The MBDlyb wheel package can be installed using the following command:

pip install <path_to_whl>

This will install MBDlyb, and download and install all its dependencies.

2.2 Setup Neo4j

Neo4j is a graph database management system which is used to store the models used by MBDlyb. It can be downloaded from https://neo4j.com/.

To setup the database for MBDlyb, start Neo4j Desktop and follow these steps:

1. In the Projects pane on the left, create a project by clicking on the New button and selecting Create project.

2. In the pane on the right, add a Database Management System (DBMS) by clicking the Add button and selecting Local DBMS. Give the DBMS an appropriate name by updating the text in the Name field, and specify a password that you will be able to remember.

   For MBDlyb you can specify your own password, however it is recommended to start with the default password.

   In the Version field, select the latest version (5.24.0). Finally click the Create button.

3. Click on the name of the DBMS you just created, which opens a pane with three tabs: Details, Plugins and Upgrade. Select the Plugins tab, select APOC, and click Install.

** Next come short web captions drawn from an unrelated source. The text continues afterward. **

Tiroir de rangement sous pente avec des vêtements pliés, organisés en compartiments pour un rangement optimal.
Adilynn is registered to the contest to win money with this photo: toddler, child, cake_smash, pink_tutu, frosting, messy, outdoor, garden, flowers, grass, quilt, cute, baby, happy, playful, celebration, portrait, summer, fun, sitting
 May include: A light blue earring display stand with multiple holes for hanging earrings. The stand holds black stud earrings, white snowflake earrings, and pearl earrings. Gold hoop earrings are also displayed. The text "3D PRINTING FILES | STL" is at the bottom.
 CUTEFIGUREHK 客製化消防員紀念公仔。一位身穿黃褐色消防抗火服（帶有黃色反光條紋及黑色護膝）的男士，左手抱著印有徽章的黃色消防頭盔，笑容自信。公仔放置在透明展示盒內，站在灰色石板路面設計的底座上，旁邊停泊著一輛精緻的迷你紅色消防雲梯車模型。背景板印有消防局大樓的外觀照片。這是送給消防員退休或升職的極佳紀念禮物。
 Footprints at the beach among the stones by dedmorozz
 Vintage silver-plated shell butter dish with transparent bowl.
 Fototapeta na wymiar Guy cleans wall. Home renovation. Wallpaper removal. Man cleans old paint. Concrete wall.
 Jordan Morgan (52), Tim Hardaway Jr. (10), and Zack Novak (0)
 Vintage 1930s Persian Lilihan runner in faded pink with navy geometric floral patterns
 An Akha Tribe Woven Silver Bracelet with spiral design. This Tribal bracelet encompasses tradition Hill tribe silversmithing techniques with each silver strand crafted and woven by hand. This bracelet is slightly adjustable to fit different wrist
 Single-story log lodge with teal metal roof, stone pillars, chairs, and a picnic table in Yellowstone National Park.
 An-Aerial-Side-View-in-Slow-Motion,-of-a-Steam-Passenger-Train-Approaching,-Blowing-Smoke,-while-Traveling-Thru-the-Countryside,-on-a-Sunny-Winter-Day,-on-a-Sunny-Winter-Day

4. Start the DBMS by clicking on its name and click Start

5. Create a new database by clicking on the DBMS’ name and click Create database. Select a name you prefer, e.g., example-db

After configuring the project, the DBMS and the database Neo4j Desktop should look like this:

2.2.1 Export & import Neo4j databases

Neo4j has the option to dump a database and to import it. This can be used to create a backup, or to share the database with others.

To dump the database follow the following steps:

1. Click the name of the database (e.g., example-db) in the pane on the right
2. Click on the three dots symbol and select Dump

To import a dumped database back into a DBMS follow the following steps:

1. In the pane on the right, click the Add button and select File.
2. Select the database dump file and select Open
3. Click the name of the just opened file and select Import dump into existing DBMS from the menu under the three dots
4. Select the DBMS to import the database into, give the database a name, and select Create

2.3 MBDlyb usage

As a prerequisite, open Neo4j Desktop and start the Database Management System (DBMS):

1. In the Projects pane on the left, select the project.
2. Next select the name of the DBMS and click Start

The interactive model editor and diagnoser can be started from the command line. Open a shell (e.g., Windows PowerShell) in the directory with the virtual environment created for MBDlyb, and activate it:

cd C:\MBDlyb\
.\mbdlyb_env\Scripts\Activate.ps1

MBDlyb can now be started with the following command. Make sure the database name in the --database argument matches the database created in the previous step.

python -m mbdlyb --database=example-db

Note that this command uses the default hostname, port, protocol, username and password. These can also be specified using the arguments --host, --port, --protocol, --username and --password.

Next open a webbrowser and go to http://localhost:8080/. This will open the model editor main page in which you can either open an existing model, create a new model or import an Excel/Json or Capella model.

To get a list of all command line parameters, and instructions on how to use them, run the following command:

python -m mbdlyb --help

3 Modelling

As a demonstration of how to model a system in MBDlyb, this section describes the creation of a simple model of a CD-radio-player.

3.1 Create CD-radio-player model

To start, create a new model in MBDlyb and add the two main functions of the CD-radio-player: PlayCD and PlayRadio.

3.2 CD reader & radio receiver

Next, add a cluster to model the CD reader called CDReader. Its main function is called ReadCD, which is a sub-function of the overall main function PlayCD. The CDReader cluster also contains a hardware node, a diagnostic test node and a test result node.

Also add a cluster to model the radio receiver. This cluster is called RadioReceiver and has a layout similar to the CDReader cluster.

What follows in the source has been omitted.